Required action: Skip the pictures and copy all the data that follows exactly.

Input data:

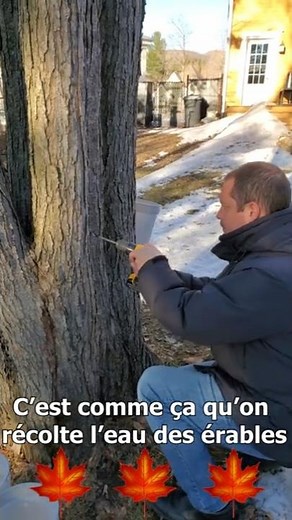 Comment on récolte l'eau des érables! Vivre au Québec
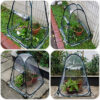 Outdoor Garden Plants And Flowers Antifreeze Greenhouse - Image 3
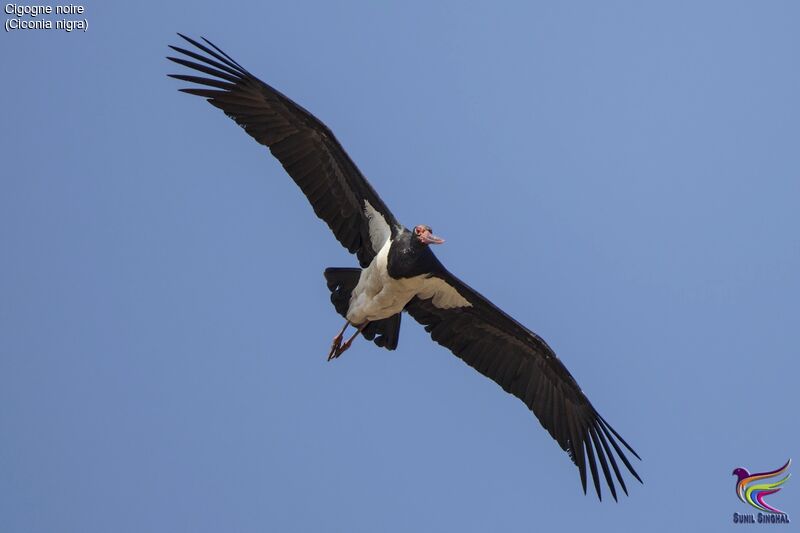 Black Stork, Flight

Completed task:
 Comment on récolte l'eau des érables! Vivre au Québec
 Outdoor Garden Plants And Flowers Antifreeze Greenhouse - Image 3
 Black Stork, Flight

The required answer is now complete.